反外国干渉法は2年前に施行されましたが、配置はまだ整っていません
海外警察署の調査に加えて、2024年6月、カナダは新法案「反外国干渉法」(An Act Respecting Countering Foreign Interference、C-70)を成立させました。これは、外国の干渉が選挙に与える影響と、カナダの民主主義制度と市民の信頼に与える影響に対処するためのものです。関連する公聴会でも、中国が「最も持続的で最も複雑な外国干渉の脅威」であると指摘されています。

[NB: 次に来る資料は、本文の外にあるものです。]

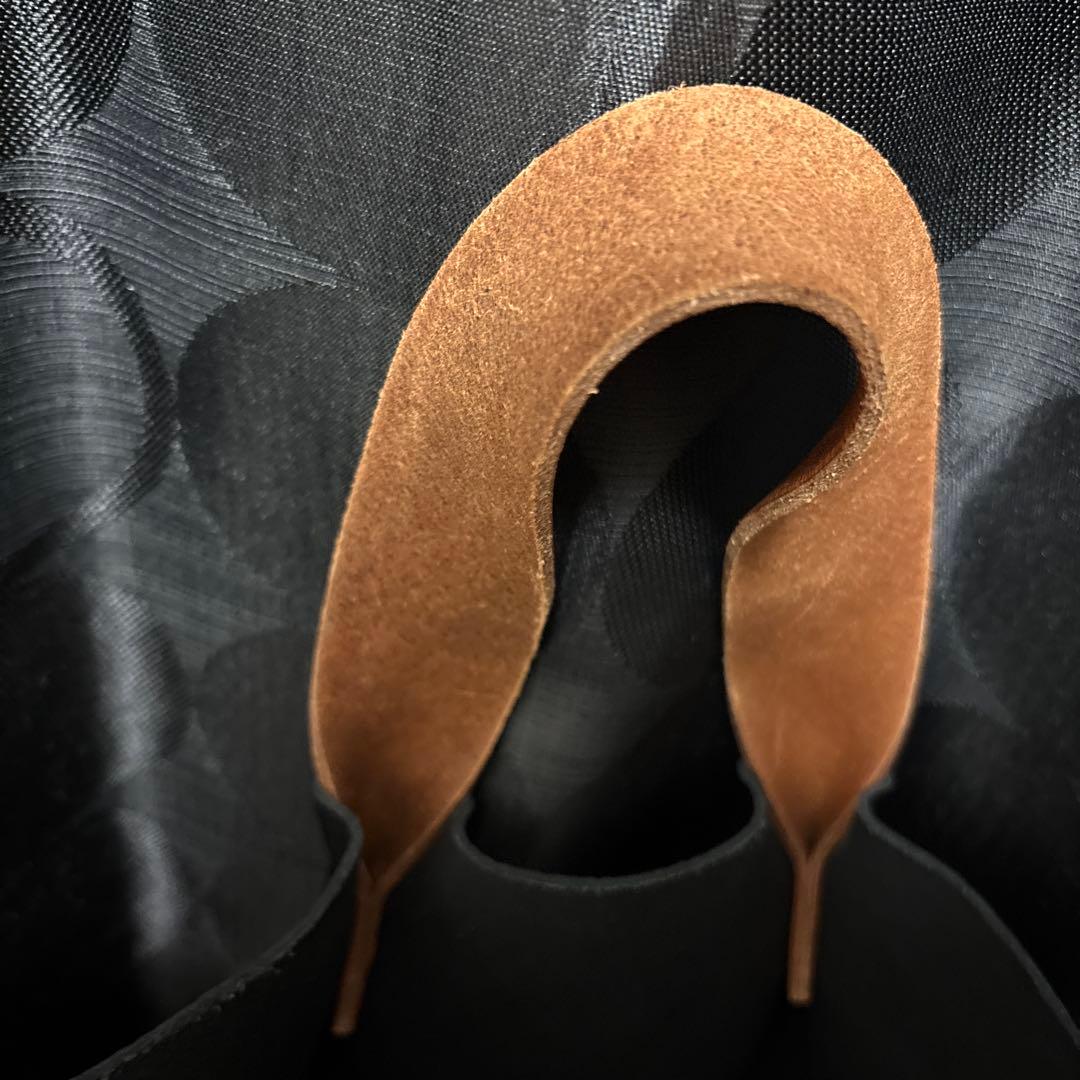 Hender Scheme (エンダースキーマ)piano bag medium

C-70法案の推進者の一人である関慧貞氏は、C-70法案は確かに重要な第一歩であると指摘していますが、立法だけでは不十分であると指摘しています。「それは、強力な執行力、執行機関と情報機関に十分な資源を提供すること、被害者と告発者に対してより強力な保護を提供すること、影響を受けたコミュニティとのより密接なコミュニケーションを確立すること、そして堅実な公共教育が必要です。また、外国干渉の調査には、より高い透明性と責任が必要です。カナダの対応方法は、権威主義国家の手法の進化に伴い、継続的に進化しなければなりません。」
しかし、彼女はまた、カナダ政府がC-70法案の実施において明らかに遅れていると指摘しています。2年が経過しても、関連する委員と事務所はまだ設置されていません。さらに、コミュニティ団体は、法案自体の欠陥について懸念を表明しています。「その中で最も顕著なのは、「代理人」(proxies)の問題を処理できていないことです。」
中国が7月初めに推進した「民族団結進歩促進法」(以下、「促進法」)について、関慧貞氏は、「この法律は、北京が影響力を拡大し、海外でのより多くの介入行為を正当化する意図を反映している。」と指摘しています。彼女は、この法律は、海外コミュニティと人権倡議者が中国政府からより大きな圧力と監視を受ける可能性があるという懸念を強化していると指摘しています。関慧貞氏は、カナダはこれらの動向を密接に監視し、法的保護、外交的対応、跨国鎮圧の被害者への支援を強化する準備をする必要があると考えています。